Dans un premier temps, le gouvernement avait introduit une taxe similaire à la TVA. "A l'époque, la CEE avait déclaré illégale cette façon de procéder. Puisque cette taxe avait tout d'une TVA, il fallait l'appeler TVA. C'est ce que le gouvernement a fait en augmentant simplement la TVA de 22 % à 25 % en 1992", explique Klaus Rasmussen. "Il y avait un large consensus pour introduire cette TVA sociale, car l'alternative aurait été d'augmenter l'impôt sur le revenu ce qui semblait très difficile vu son poids", souligne M. Smidt. Le Danemark a d'ailleurs toujours l'une des pressions fiscales les plus lourdes au monde. L'augmentation de la TVA est aussi une hausse d'impôt. Mais à l'époque, l'économie était dans le rouge et le chômage important. "Tout le monde savait qu'il fallait faire quelque chose", dit M. Smidt. "Nous l'avons accepté afin de protéger le secteur des exportations, constate Dorte Mongaard de LO, la Confédération syndicale.

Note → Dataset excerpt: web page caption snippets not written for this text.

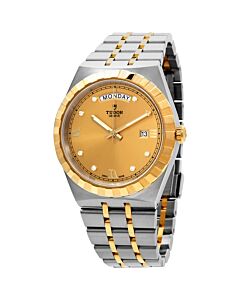 Royal Stainless Steel with 18kt Yellow Gold Links Champagne Dial Watch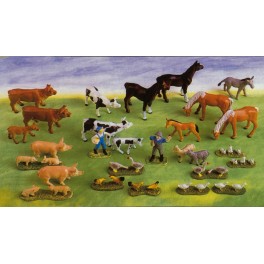 ANIMAUX DE LA FERME Lot de 28 figurines assorties (5-10cm)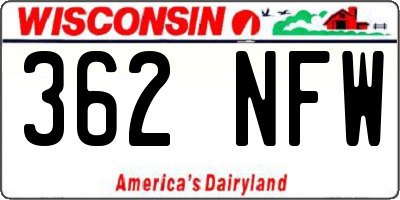 WI license plate 362NFW
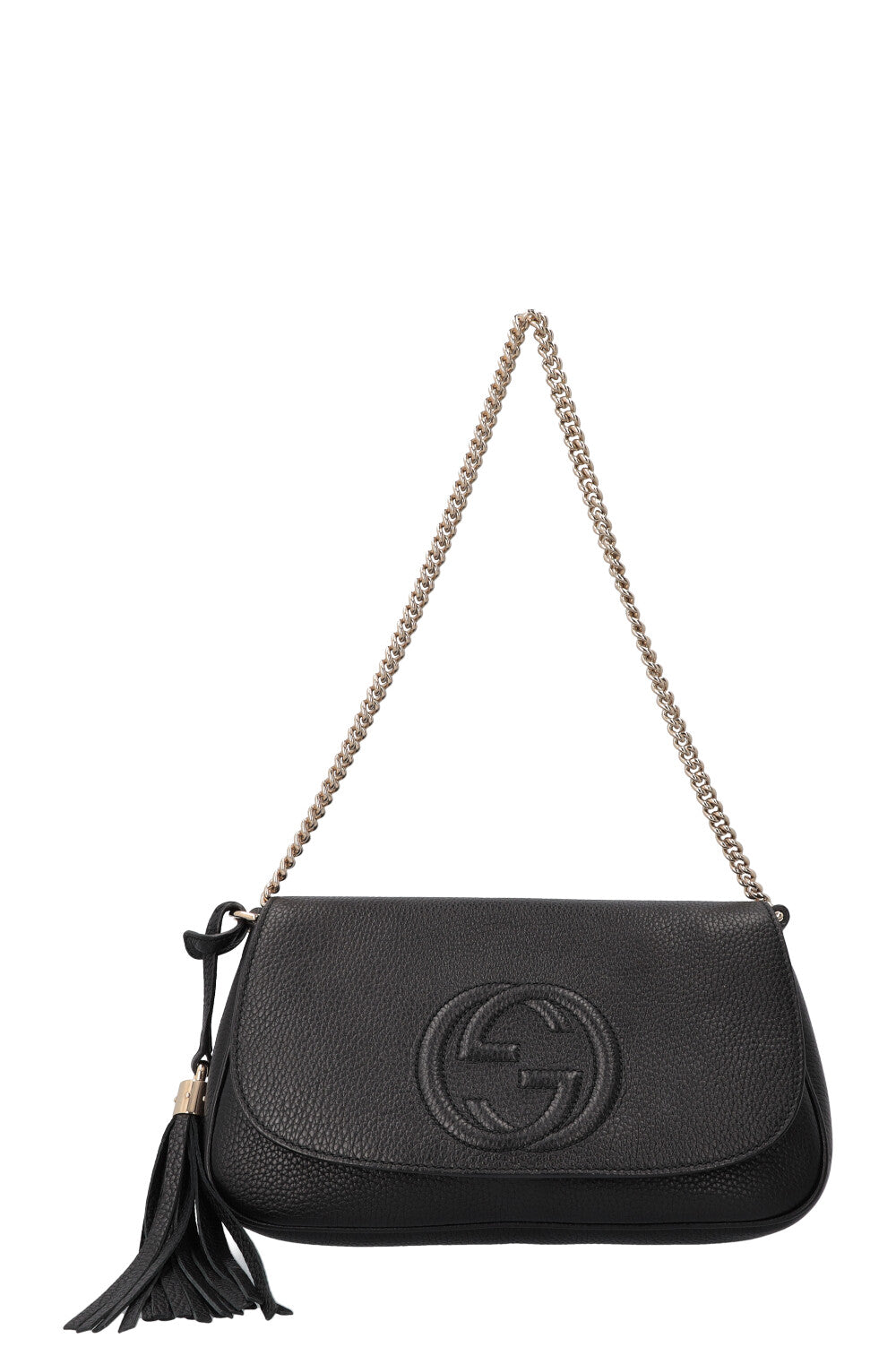 GUCCI Soho Flap Bag Leather Black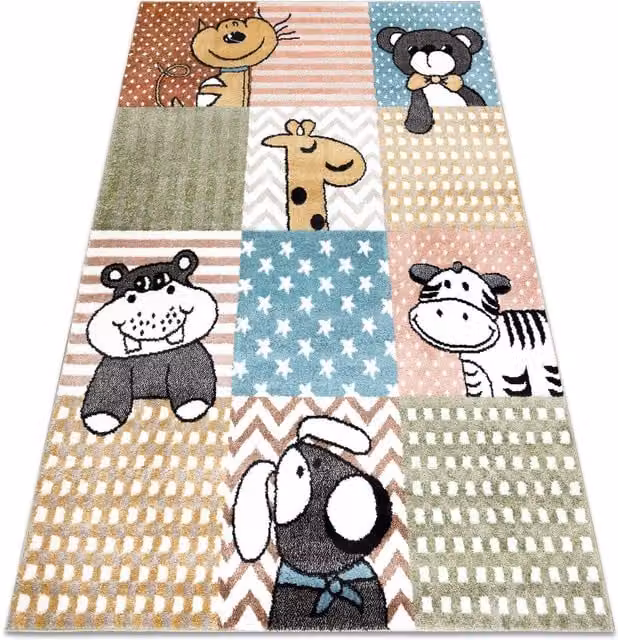 RugsX Fun Multicolour Animal Print Childrens Rug, W: 200 cm, D: 290 cm
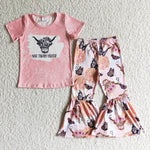 SALE GSPO0082 Not Today Heifer Butterfly Pink Cow Girl's Set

C'était le résultat d'une négociation tripartite à une époque où l'économie danoise était au plus mal." "Si nous ne faisons rien pour renforcer la compétitivité, cela aurait des conséquences dramatiques, car le chômage était en train d'augmenter. Et il a d'ailleurs continué à grimper pendant cinq à six ans après la prise de cette mesure", raconte M. Rasmussen. Le chômage avait atteint 12 % durant l'hiver 1994.

"MESURE PROTECTIONNISTE"

"Le choix s'est porté sur la TVA, souligne M. Petersen, car son augmentation aurait moins d'impact sur la main-d'oeuvre puisque le coût était supporté par tout le monde et pas seulement par les salariés." Lors de cette hausse, il n'était pas autorisé d'en profiter pour augmenter ses prix. "Mais il faut reconnaître que si la loi envoyait ce signal aux entreprises, le gouvernement n'en a pas vraiment contrôlé l'application", admet M. Rasmussen. Finalement, la mesure a musclé la compétitivité et les exportations ont repris. "Mais il ne faut pas se voiler la face, c'est une mesure protectionniste, reconnaît M. Rasmussen. Il faut aussi voir que cela ne fonctionne qu'à court terme, car le coût du travail recommencera à augmenter après un temps."

"C'était un tour de passe-passe du ministère des finances pour trouver de l'argent, critique Svend Auken, ancien ministre social-démocrate. C'était ingénieux, mais ce n'est sûrement pas un modèle pour d'autres pays." "Sans cette mesure, il est probable que le chômage aurait augmenté encore plus qu'il ne l'a fait", estime cependant M. Petersen.